A ce propos, les années 2000 marquent un tournant. La multiplication des paniques morales centrées sur l’islam et les banlieues et l’accès des personnalités d’extrême-droite aux médias dominants favorisent la diffusion et la légitimation d’un discours qui présente les immigrés et leurs descendants comme une menace pour l’ordre social, politique et racial.

Quelles approches pour prévenir la stigmatisation et le rejet des immigrés?

Si les autorités françaises ont cherché à édifier des politiques publiques et un cadre législatif pour lutter contre le racisme et les discriminations, les moyens et la volonté politique ont largement fait défaut. La première modalité, la plus usitée, a consisté en des actions éducatives et de formation. En dépit de leur diversité, elles reposent sur l’idée que le racisme et les discriminations sont le produit d’une déviance individuelle et/ou d’un contexte organisationnel causé par une forme d’ignorance.

L’action des pouvoirs publics a aussi pris la forme d'une politique pénale qui, depuis la loi Pleven de 1972, a surtout consisté à faire du racisme un délit et/ou une circonstance aggravante au moyen notamment de lois mémorielles ou des lois qui régissent les expressions publiques.

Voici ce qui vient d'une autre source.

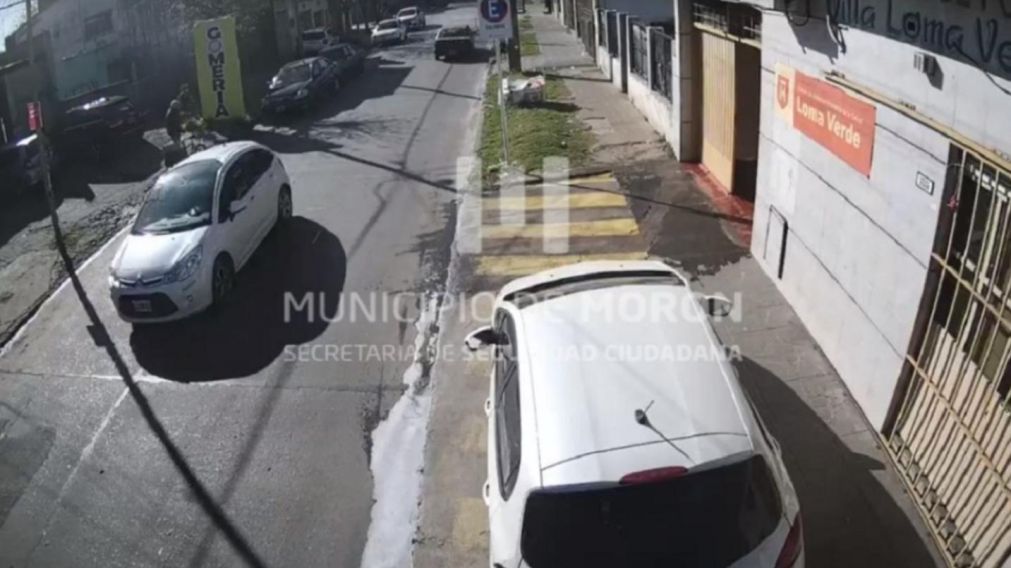 La huida de los asesinos tras matar al empresario fue captada por las cámaras de seguridad de la zona.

A la fin des années 1990, dans le champ législatif, cette action s’est concentrée sur les formes matérielles du racisme, en l’occurrence les discriminations. Elle s’est appuyée sur des lois (2001 et 2003), issues de la transposition de directives européennes. Le référentiel de la lutte contre les discriminations a été décliné dans une série de dispositifs et d’institutions chargés de recenser, de recueillir la parole des victimes et d'accompagner celles-ci avant d’être dépassé par des référentiels moins politiques (la diversité) et supplanté, à partir de l’arrivée de la gauche aux affaires, par la valorisation de la République et de l’égalité hommes-femmes. Toutefois, le défaut de volonté politique, de moyens et de visibilité institutionnelle confirme que la lutte contre le racisme ne constitue pas, en France, une priorité en dépit de quelques effets d’annonce autour de plans gouvernementaux.

Quelles politiques mises en place par la France sont perçues comme racistes?

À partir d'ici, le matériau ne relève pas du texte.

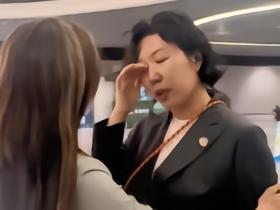记者发布视频：海牛队确定降级后，俱乐部副总冯文静难过流泪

L’accusation de racisme porte moins sur les politiques étatiques – l’État revendique une approche antiraciste – que sur les pratiques de certaines institutions vis-à-vis des membres des minorités ethno-raciales, telle que la police. L’exemple le plus frappant concerne les contrôles d’identité sur la voie publique que les agents de police peuvent mener à leur discrétion depuis la loi du 10 août 1983.

Fabien Jobard et René Lévy ont montré que les Noirs ont entre 3,3 et 11,5 fois plus de risques d’être contrôlés que les Blancs là où les Arabes ont entre 1,8 et 14,8 fois plus de risques d’être contrôlés que les Blancs. Si une partie du secteur associatif a précocement contesté ces dispositions, des campagnes plus spécifiques sont menées depuis les années 2000. Elles visent à dénoncer le racisme systémique et pointent le fait que des structures sociales et institutionnelles génèrent et entretiennent le racisme et les discriminations.

Dans les affaires de déviances policières, à l’instar de l’agression de Michel Zecler , en novembre 2020, les autorités condamnent les violences avérées et explicites, tout en ajoutant qu’il s’agit de fautes individuelles et récusent l’existence des violences policières et du racisme dans les pratiques institutionnelles.

En outre, si aucune disposition ne relève directement de comportements racistes et discriminatoires, la manière dont les pouvoirs publics répondent aux paniques morales sur l’islam, en particulier, contribue à accroître les préjugés et les discriminations à l’égard des musulmans français. La promulgation de certaines lois (15 mars 2004, 11 octobre 2010) répond à des débats médiatiques et politiques qui visent directement certaines pratiques à l’instar du voile et/ou du niqab.

Plus récemment, depuis le discours des Mureaux du 2 octobre 2020 qui a donné lieu à la controversée loi dite « contre le séparatisme », ce sont principalement les libertés associatives des organisations musulmanes qui ont été visées et limitées. Cette situation a conduit des chercheurs comme Jonathan Laurence, à considérer cette loi comme une « attaque à peine voilée contre la religion musulmane ».